Deverdun, Jeremy; Akbaraly, Tasnime N.; Charroud, Celine; Abdennour, Meriem; Brickman, Adam M.; Chemouny, Stephane; Steffener, Jason; Portet, Florence; Bonafe, Alain; Stern, Yaakov; Ritchie, Karen; Molino, Francois; le Bars, Emmanuelle; Menjot de Champfleur, Nicolas

We investigate over a 12-year period the association between regional cerebral blood flow (CBF) and cardiovascular risk factors in a prospective cohort of healthy older adults (81.96 +/- 3.82 year-old) from the Cognitive REServe and Clinical ENDOphenotype (CRESCENDO) study.

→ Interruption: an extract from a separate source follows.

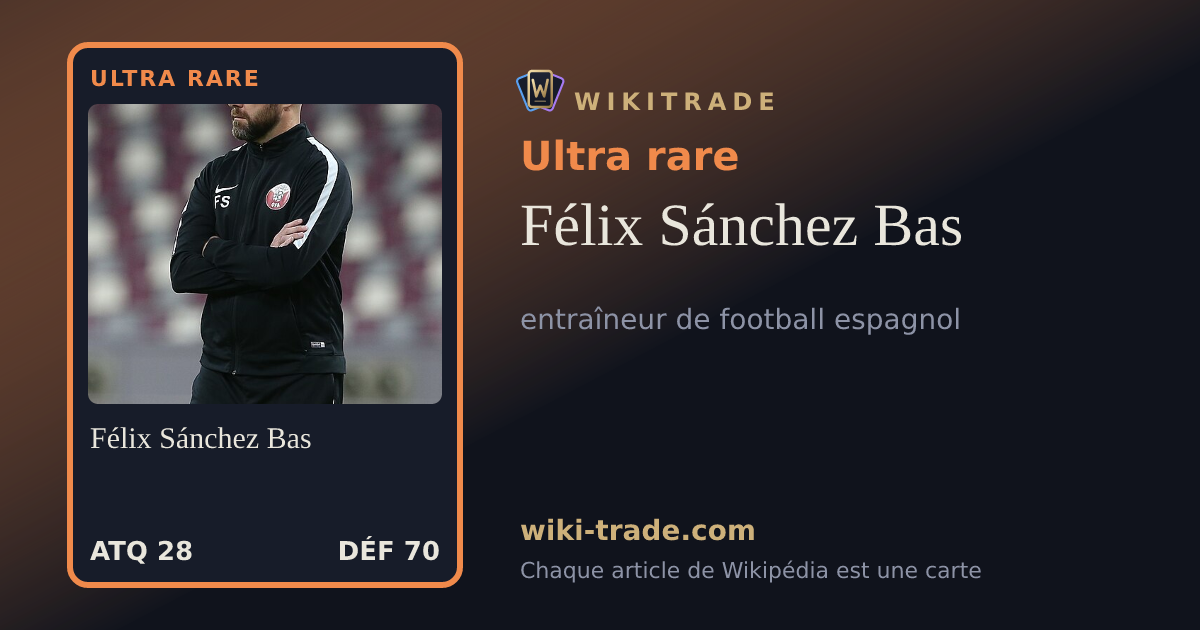 Félix Sánchez Bas — carte Ultra rare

Cardiovascular risk factors were measured over 12 years, and gray matter CBF was measured at the end of the study from high-resolution magnetic resonance imaging using arterial spin labeling. The association between cardiovascular risk factors, their long-term change, and CBF was assessed using multivariate linear regression models. Women were observed to have higher CBF than men (p < 0.05). Increased mean arterial pressure (MAP) over the 12-year period was correlated with a low cerebral blood flow (p < 0.05, R(2) = 0.21), whereas no association was detected between CBF and MAP at the time of imaging. High levels of glycemia tended to be associated with low cerebral blood flow values (p < 0.05). Age, alcohol consumption, smoking status, body mass index, history of cardiovascular disease, and hypertension were not associated with CBF. Our main result suggests that change in MAP is the most significant predictor of future CBF in older adults.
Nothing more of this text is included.